«Plus on reste longtemps au chômage, plus il est pénible d’en sortir»
« Il faut voir le chômage comme un phénomène de file d’attente. Certains sont à la porte du marché du travail, d’autres en sont très éloignés, comme les chômeurs de longue durée », explique l’économiste Eric Heyer. REUTERS/Eric GaillardLe taux de chômage en Europe est revenu à son niveau d’avant-crise, mais les sans emploi de longue durée demeurent nombreux partout, inclus en France. L’économiste Eric Heyer explique ce phénomène.
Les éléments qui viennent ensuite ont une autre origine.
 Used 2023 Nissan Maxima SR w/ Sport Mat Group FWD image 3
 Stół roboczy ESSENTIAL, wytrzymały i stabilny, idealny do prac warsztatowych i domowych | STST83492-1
Eric Heyer est économiste auprès de l’Observatoire français des conjonctures économiques (OFCE).
L’inactivité de longue durée est-il une succession de la crise ?
Plus on reste longtemps au chômage, plus il est pénible d’en sortir, et cela ne date pas de 2008. La crise a particulièrement augmenté le phénomène. Pendant huit ans, on a produit moins avec moins de gens. Le taux de chômage s’est augmenté, et celui de longue durée avec. La crise ayant tenu longtemps, des personnes qui étaient employables se sont retrouvées clôturées dans le repos.
Est-ce une spécificité française ?
Le marché du travail s’est concentré dans la plupart des pays développés ces dix dernières années. On a créé des fonctions très qualifiés et d’autres peu qualifiés, au dommage des emplois intermédiaires. Or, c’est uniquement ce type de postes qu’occupaient beaucoup de salariés affectés par la crise : des emplois assez habituels, avec parfois un peu d’évaluation. Ce n’est pas une spécificité française.
En contrepartie, nous sommes le pays de l’OCDE (Organisation de coopération et de développement économiques) où le phénomène des NEET (not in education, employment or training, « ni étudiant, ni employé, ni stagiaire ») améliore le plus. Chaque année, environ 150 000 jeunes jaillissent du système scolaire. Selon des études du Collège de France, on saurait les pénétrer dès la maternelle dans 80 % des cas… Il y a une difficulté au niveau des dépenses d’éducation : plutôt hautes pour le secondaire et le supérieur, elles sont défectueuses dans le préprimaire et le primaire. Ça nourrit le décrochage, de même que les difficultés d’accès au logement.
Quelles politiques ont été mises en place pour diminuer le chômage de longue durée ?
Il faut voir le chômage comme un fait de file d’attente. Certains sont à la porte du marché du travail, d’autres en sont très écartés, comme les chômeurs de longue durée. Seule une forte croissance économique peut admettre à ces derniers d’accéder à l’emploi.
En France, faute d’augmentation, soit on sort les chômeurs de la file d’attente, comme à l’époque des préretraites ou des dispenses de recherche d’emploi pour les seniors, soit on la court-circuite, en créant des mécanismes de formation. Pour les jeunes, il existe depuis les années 1980 des contrats aidés, qui pointent en principe les chômeurs de longue durée. L’objectif est de leur admettre d’acheter une formation et des caractères attestées, particulièrement dans le secteur non marchand. Le problème, c’est que ces mécanismes font baisser les chiffres du chômage, mais ne sont pas continuellement bien ciblés.